A Letter to a Birth Mother

Dear Birth Mother,

I don’t know if I have ever imagined writing a letter to a birth mother. I have so much I want to tell you about the daughter you carried in your womb and will always carry in your heart. I have never met you, and I have so many questions I would like to ask and things I would love to discuss with you. I have questions that I want to ask on behalf of this precious child who calls me Mom but who will forever hold you in her heart because YOU are the mommy she first knew. Please know I mean that as a term of endearment, not resentment. 

As you know, we have never met. I have never been able to look you in the eye and talk to you. Likewise, you have never been able to look at me and imagine what I would be like as a mother to the precious child you carried to term and watched grow for the first 3 years she walked this earth.

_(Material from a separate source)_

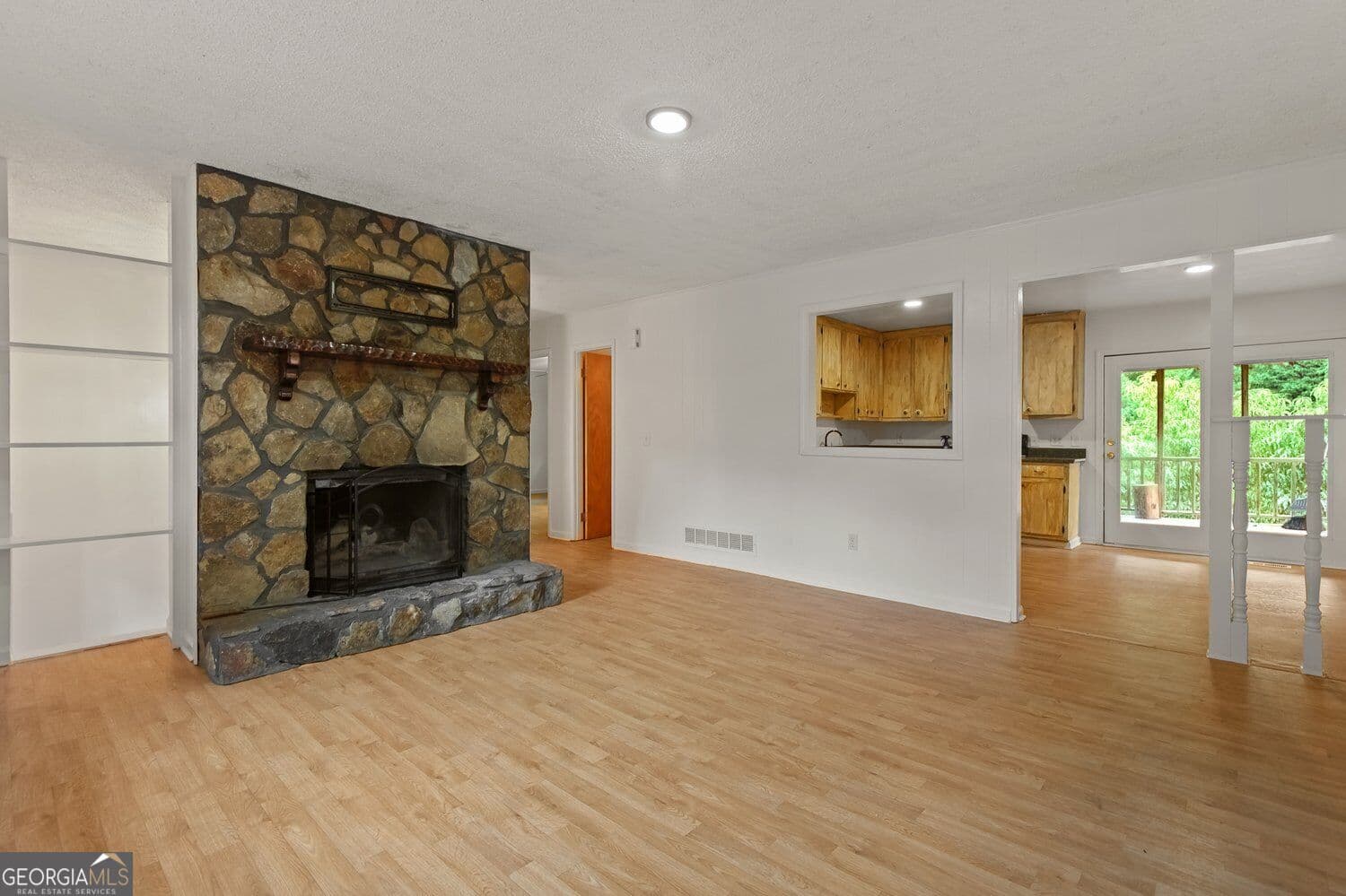 4 bedroom, 2 bathroom, 2,502 sq ft single family residence for sale at 2865 Lanier Beach South Road, Cumming, GA 30041 — photo 6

Oh, how I wish we could meet and talk. I would love to answer your questions too. I know you must have a million. 

I want to write this letter, a letter you will likely never see, but must be typed so it can stop residing in my brain. It clouds my mind, this letter. I feel like you must have questions for me, but maybe not. Maybe the circumstances in which your days of mothering your child ended are just too painful. Part of me feels selfish for even writing these words. If I am being honest, these words feel deeply private and uncomfortable to write. At the same time, I feel like the time has come to give these words a space to flow so they stop bouncing around in my mind and taking so much of my time.

Now, I need to pause for a moment and let you know that when I refer to her as “yours,” I say that with an intimacy that is present because she was and will always and forever be yours first. You are the person who she thinks of as her first mom. She is fiercely loyal to you. In the same way, when I say she is “ours,” I am referring to you and I and the delicate balance I walk as the mother to a child who was once mothered by someone else. It isn’t a dig or a tug of war. It is a term to describe the invisible, yet almost tangible, part you still play in our dynamic and in our lives. I hope you hear my heart when you read this. I feel you need to know that though you are not present, you are not forgotten.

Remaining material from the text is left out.